Days after Democratic Party voters in Iowa walked into their caucuses to vote for their presidential nominee, the results are still incomplete.
A newly-introduced app prevented the proper transmission of the results. Jammed phone lines caused further delays. The Iowa Democratic Party managed to release the certified results of 62% precincts on Tuesday. More results trickled on on Wednesday. But final results remain a mystery.
At the moment, none of the candidates have called into question the fairness of the process. But there is no clear timeline in place for when the remaining votes will be released, nor much clarity as to what could possibly be taking so long: After all, fewer than 200,000 people voted on Monday. The results that have been released are being disputed.
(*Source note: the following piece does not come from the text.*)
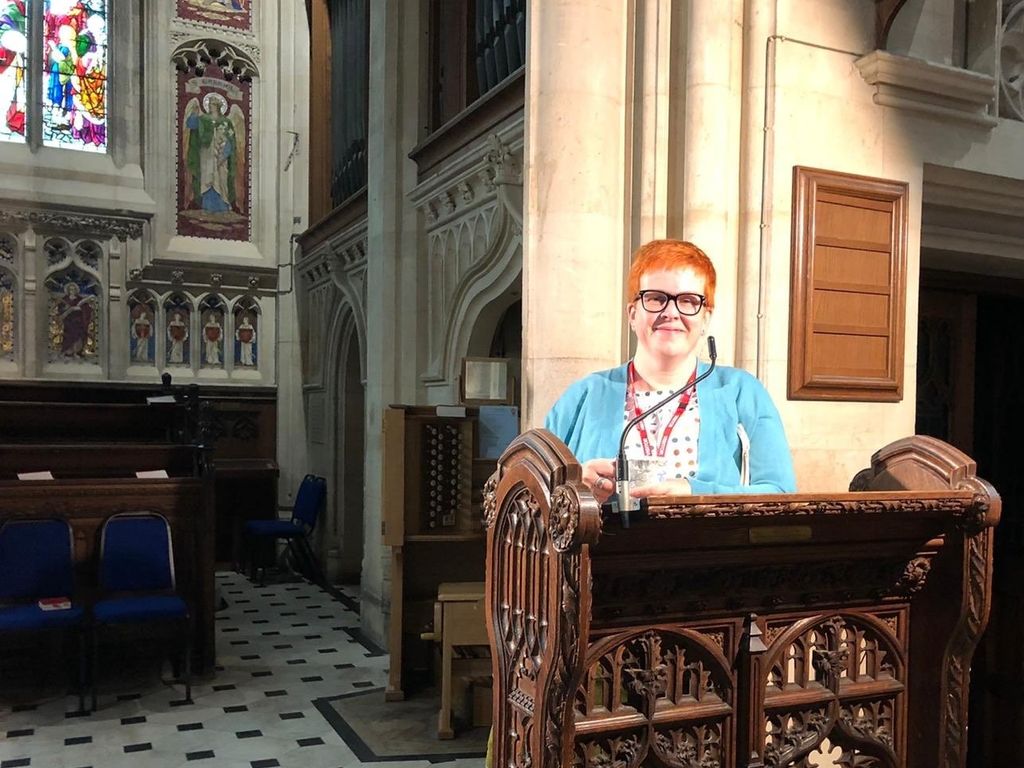 Cllr Alex Collis in the Chapel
Rumors are spreading, and so are conspiracy theories.
Such technical failures and delays are the kind of things that raise red flags among international election observers monitoring polls in democracies less established than the United States.
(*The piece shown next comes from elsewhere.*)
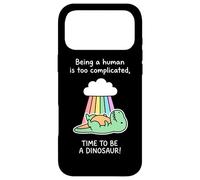 Carcasa para iPhone 17 Pro MAX Lindo Disfraz de Dinosaurio T-Rex Rainbow Time To Be A Dino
“The Iowa caucuses reflect some of the challenges that we see in so-called developing democracies,” David Pottie, an international democracy and election consultant, told Quartz. “All countries are on a spectrum of democratic development, and the US is no exception.”
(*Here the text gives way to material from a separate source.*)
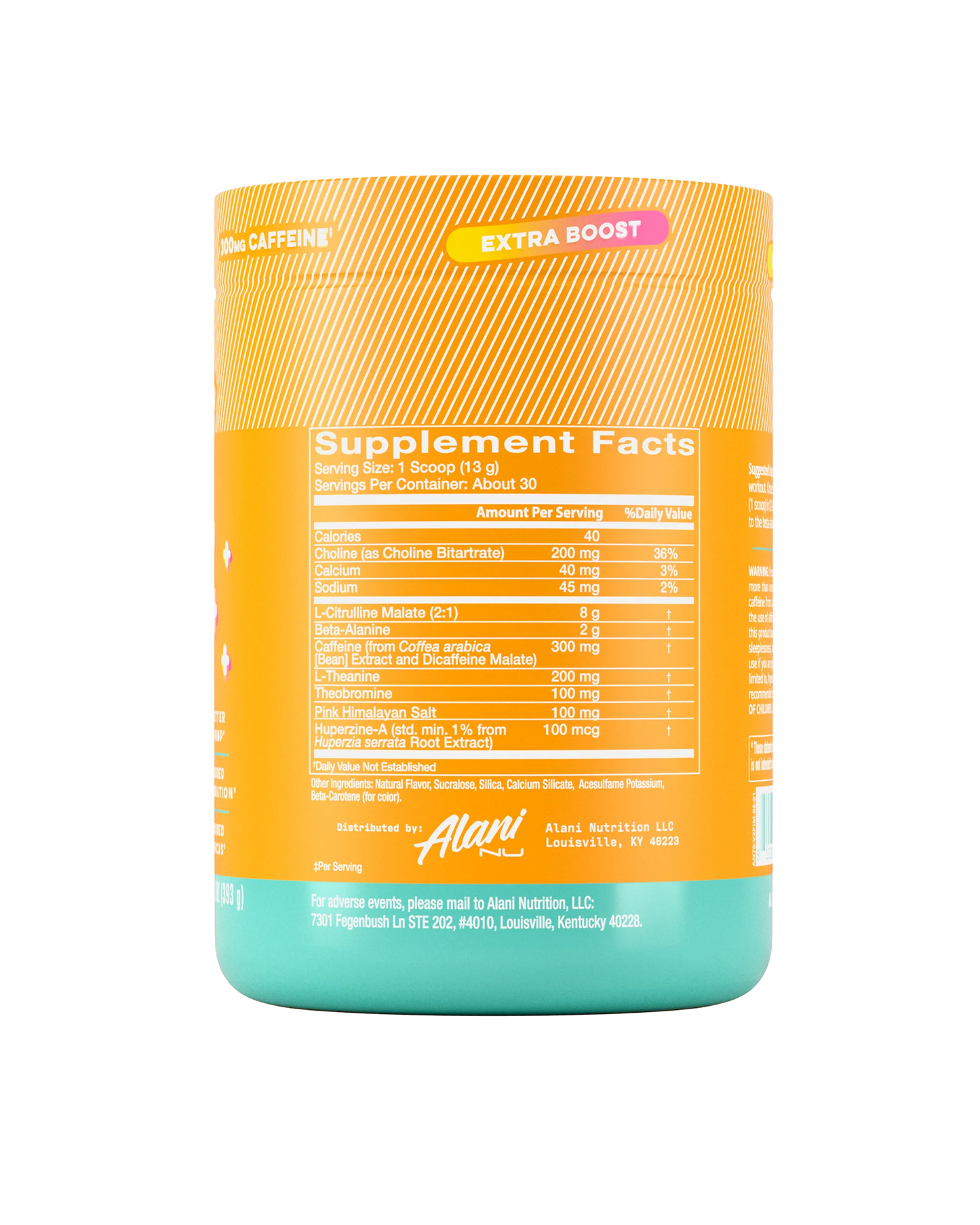pre-workout+ - paradise swirl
It is important to note, Pottie says, that the primaries aren’t national elections: They are an intra-party form of democracy, which as such isn’t subject to national or international rules. But while the Iowa debacle may not indicate a need to add the United States to the list of countries requiring UN election monitoring, it does reveal some serious shortcomings in the way the country holds its votes.
According to the 2005 Declaration of Principles for International Election Observation (pdf), which was adopted by the UN and other international bodies, there are a few principles that need to be taken into account to ensure an election is fair, trustworthy, and effective—namely inclusion, transparency, and accountability.
When it comes to the newly-introduced technology, election experts told Quartz that there should be standards in place for how it’s rolled out, and in Iowa, those standards weren’t met.
Any changes in the way votes are cast, collected, or tabulated, they said, should be done to build more trust with the electorate, not the opposite. To ensure it does, an observer would check:
- Whether the party brought the candidates and voters into a discussion on whether or not to adopt the new technology, and how.
- Whether the procurement process found experienced, trustworthy and nonpartisan vendors.
- Whether the rollout included enough testing and training.
- Whether there was a backup plan.
The Iowa caucuses failed the first three points. And while they had a back plan, it didn’t work.
Technical failures aren’t unheard of in elections. Both the 2013 presidential election in Kenya, for instance, and the 2016 national elections in Ghana, faced significant tech issues. The outcomes of those elections show just how important it is for electoral bodies to handle the crisis effectively.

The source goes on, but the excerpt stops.